Some books are merely written. Other books, rare as red squirrels now, are made out of such need that they seem to have been generated by pure will, by an urgency at once personal and on behalf of the greater assembly. This, seven years in the crafting, is such a work.
Griffiths’s previous book, ‘Pip, Pip: A Sideways Look at Time’ exploded the straitjacket of the clock, following a global seam of the richest hue in its exploration of non-industrial ways of considering the ageing of the body and the turn of the seasons. Here, she turns all her senses to space, on a multi-dimensional quest to understand the nature and importance of ‘wildness’. Travelling with the elements – earth, ice, water, fire and air – she roves from the Amazon to the Arctic and Australia. Across the oceans she encounters polar bears and West Papua liberation fighters. Always, and rightly, she meets herself in changing light as part of the phenomenal world.

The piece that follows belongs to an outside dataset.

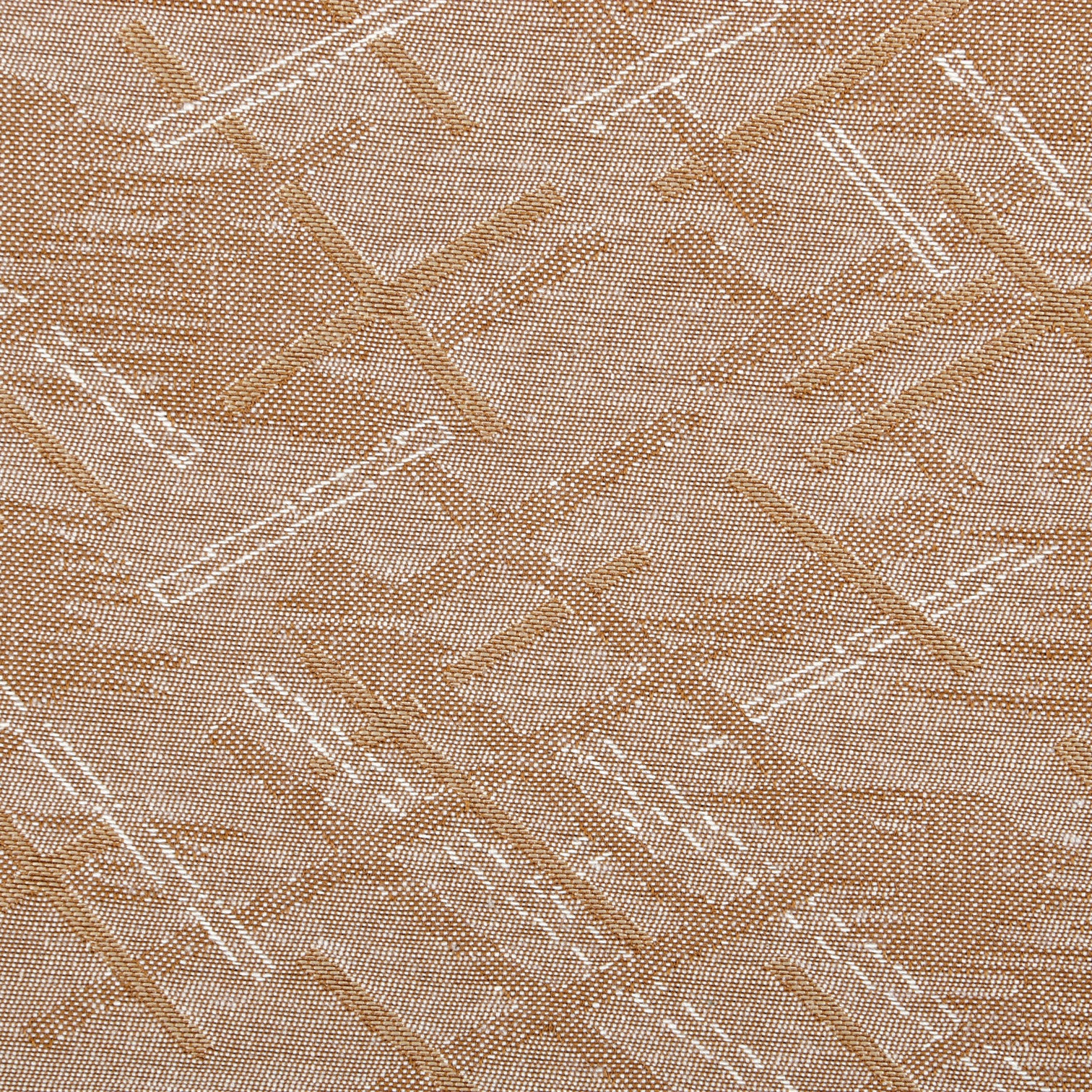 Fresco Elegance, coppia schienali anteriori double face - Beige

Like Rebecca Solnit and John Berger – dwellers in the fecund borders between the social and the personal, the political and the epiphanic – Griffiths is primarily a storyteller. And the tales she weaves are those in which the speaker is deeply, unashamedly implicated. Speaking to the planetary tribe at a moment of extraordinary collective crisis, she operates shamanically, making a series of remarkable journeys through cultures, conflicts and language, and she returns with the wisdom of profoundly lived experience – that of herself and others – from which she has fashioned a manifesto that speaks to all about being fully human in the world as it is and as it might be.
That she closes with a journey through the sixth element, mind, reveals the core of her project. A bardic hymn to the necessity of the unfettered in envisioning possibility and change, ‘Wild’ is radical in the original, etymological sense. It goes to the root of the problem and it sings its way there.